=== Source records ===
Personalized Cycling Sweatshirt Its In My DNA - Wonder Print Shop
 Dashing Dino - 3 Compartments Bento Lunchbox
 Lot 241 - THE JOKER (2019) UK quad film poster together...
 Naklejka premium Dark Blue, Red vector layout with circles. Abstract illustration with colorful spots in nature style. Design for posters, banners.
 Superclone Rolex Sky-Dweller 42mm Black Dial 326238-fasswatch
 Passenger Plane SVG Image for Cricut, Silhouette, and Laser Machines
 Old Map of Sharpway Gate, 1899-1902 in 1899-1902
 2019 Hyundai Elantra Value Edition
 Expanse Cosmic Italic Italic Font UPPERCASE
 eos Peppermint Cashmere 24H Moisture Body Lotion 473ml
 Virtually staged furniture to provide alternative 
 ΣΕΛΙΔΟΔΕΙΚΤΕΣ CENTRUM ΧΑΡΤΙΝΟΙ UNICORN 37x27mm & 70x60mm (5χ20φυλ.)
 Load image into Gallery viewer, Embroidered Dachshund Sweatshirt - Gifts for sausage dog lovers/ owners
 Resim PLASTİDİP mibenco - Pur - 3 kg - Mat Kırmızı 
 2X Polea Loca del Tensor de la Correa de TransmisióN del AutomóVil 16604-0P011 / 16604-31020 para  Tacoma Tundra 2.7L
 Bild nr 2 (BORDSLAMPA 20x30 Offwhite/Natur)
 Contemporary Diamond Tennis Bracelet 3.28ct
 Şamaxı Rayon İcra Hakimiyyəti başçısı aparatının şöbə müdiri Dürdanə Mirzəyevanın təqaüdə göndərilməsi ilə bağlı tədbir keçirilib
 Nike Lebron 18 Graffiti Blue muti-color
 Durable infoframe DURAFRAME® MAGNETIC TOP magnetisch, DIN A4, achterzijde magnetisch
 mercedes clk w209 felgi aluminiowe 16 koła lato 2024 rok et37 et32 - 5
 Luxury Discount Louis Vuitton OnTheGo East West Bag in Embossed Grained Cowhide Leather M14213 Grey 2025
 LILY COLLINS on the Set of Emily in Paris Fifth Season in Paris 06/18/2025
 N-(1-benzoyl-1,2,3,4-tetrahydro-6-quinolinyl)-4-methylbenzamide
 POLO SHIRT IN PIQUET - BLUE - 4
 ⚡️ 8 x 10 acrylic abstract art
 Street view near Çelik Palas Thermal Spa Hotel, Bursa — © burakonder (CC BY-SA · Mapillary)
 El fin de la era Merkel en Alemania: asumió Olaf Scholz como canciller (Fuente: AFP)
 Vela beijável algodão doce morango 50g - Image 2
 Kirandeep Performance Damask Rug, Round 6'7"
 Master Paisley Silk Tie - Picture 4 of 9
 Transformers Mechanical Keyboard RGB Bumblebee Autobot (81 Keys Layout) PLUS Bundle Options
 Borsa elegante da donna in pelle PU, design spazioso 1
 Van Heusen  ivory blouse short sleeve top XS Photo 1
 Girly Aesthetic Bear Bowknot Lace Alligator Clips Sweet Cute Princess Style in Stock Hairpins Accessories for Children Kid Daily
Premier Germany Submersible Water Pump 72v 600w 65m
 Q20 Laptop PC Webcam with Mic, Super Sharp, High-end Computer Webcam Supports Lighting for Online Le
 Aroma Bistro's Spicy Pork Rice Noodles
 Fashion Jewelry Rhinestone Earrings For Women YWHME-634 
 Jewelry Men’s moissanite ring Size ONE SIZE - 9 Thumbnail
===
■ What you should do: Search the entries for the word "Jewelry", then list each line that holds it.

■ Answer below:
 Fashion Jewelry Rhinestone Earrings For Women YWHME-634 
 Jewelry Men’s moissanite ring Size ONE SIZE - 9 Thumbnail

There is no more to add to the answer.